Tools and Project Structure

In the following sections we will go over the steps for the implementation of a MLOps Proof-of-Concept pipeline using IBM Watson tools and services. A template repository with a complete MLOps cycle: versioning data, generating reports on pull requests and deploying the model on releases with DVC and CML using Github Actions and IBM Watson as well as instructions to run the project can be found here.

Note

We won't get into how to create predictive models or preprocessing data, since our main objective is to discuss MLOps and create a development cycle using those concepts.

drawing

Project Tools

The main tools discussed in the guide are shown in the following table. As the guide is intended to be modular, a team can swap tools for others depending on the project necessities or preferences.

Tools	Function	Developer
IBM Watson ML	Deploying model as API	IBM
IBM Watson OpenScale	Monitoring Model in production	IBM
DVC	Data and Model Versioning	Iterative
CML	Pipeline Automation	Iterative
Terraform	Setups IBM infrastructure with script	HashiCorp
Github	Code versioning	Github
Github Actions	CI/CD Automation	Github
Pytest	Python script testing	Pytest-dev
Pre-commit	Running tests on local commit	Pre-commit
Cookiecutter	Creating folder structure and files	Cookiecutter

Folder Structure

The above image is the project's folder structure, we'll talk about each specific part in further details trough out the guide.

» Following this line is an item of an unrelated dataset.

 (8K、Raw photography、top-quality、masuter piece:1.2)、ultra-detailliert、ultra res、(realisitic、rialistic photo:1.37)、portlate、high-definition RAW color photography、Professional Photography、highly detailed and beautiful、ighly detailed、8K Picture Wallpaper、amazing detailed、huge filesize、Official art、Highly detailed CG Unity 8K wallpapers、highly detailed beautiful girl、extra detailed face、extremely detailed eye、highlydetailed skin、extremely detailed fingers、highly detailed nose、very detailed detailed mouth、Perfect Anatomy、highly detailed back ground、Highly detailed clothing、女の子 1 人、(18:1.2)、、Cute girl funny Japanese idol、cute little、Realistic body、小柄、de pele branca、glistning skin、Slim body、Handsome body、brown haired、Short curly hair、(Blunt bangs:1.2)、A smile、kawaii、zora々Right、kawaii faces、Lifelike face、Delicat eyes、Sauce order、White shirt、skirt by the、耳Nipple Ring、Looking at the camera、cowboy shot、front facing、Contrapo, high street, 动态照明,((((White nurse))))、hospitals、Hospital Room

data , models and results contain files which are being stored and versioned by DVC.
notebooks contain Jupyter Notebooks used for the exploratory analysis, development of models, or data manipulation.
src contains scripts for training and evaluating the model as well as tests and scripts for pipelines and APIs.

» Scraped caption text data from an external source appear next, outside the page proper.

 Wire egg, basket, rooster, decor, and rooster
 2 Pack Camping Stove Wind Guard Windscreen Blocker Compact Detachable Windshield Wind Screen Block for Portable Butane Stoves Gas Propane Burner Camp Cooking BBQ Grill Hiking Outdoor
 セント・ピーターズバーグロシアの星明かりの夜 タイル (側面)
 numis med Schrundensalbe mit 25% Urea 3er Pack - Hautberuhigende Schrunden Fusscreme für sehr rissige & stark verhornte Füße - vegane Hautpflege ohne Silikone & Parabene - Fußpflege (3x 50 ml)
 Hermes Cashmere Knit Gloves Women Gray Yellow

This folder structure is going to be implemented in a blank project in Introduction/Starting a New Project with Cookiecutter

Requirements

The requirements file is a list of all of a project’s dependencies and the specific version of each dependency, including the dependencies needed by the dependencies. It can also be used to create a virtual environment. This is extremely important to avoid conflicts between Python libraries and also ensure the experiments can be reproduced in different machines.

Metadata File

To keep track of the model information we have a metadata.yaml file, this helps with CI/CD and pipeline automation. Such as updating or deploying the model without the need of user input.

author: guipleite
datetime_creted: 29/03/2021_13:46:23:802394723
model_type: scikit-learn_0.23
project_name: Rain_aus
project_version: v0.3
deployment_uid: e02e481d-4a56-470f-baa9-ae84a583c0a8
model_uid: f29e4cfc-3aab-438a-b703-fabc265f43a3

Using Jupyter Notebooks vs. Python Scripts

The Jupyter Notebook is an open-source web application that allows you to create and share documents that contain live code, equations, visualizations, and narrative text. It is widely used in the fields of Data Science and Machine learning for its versatility in development and documentation of projects, however the usage of notebooks may cause some problems for our development cycle:

Versioning : Since notebooks source code are much more complex , we can't easily visualize the difference between versions using git. There are some tools that can help with that, however.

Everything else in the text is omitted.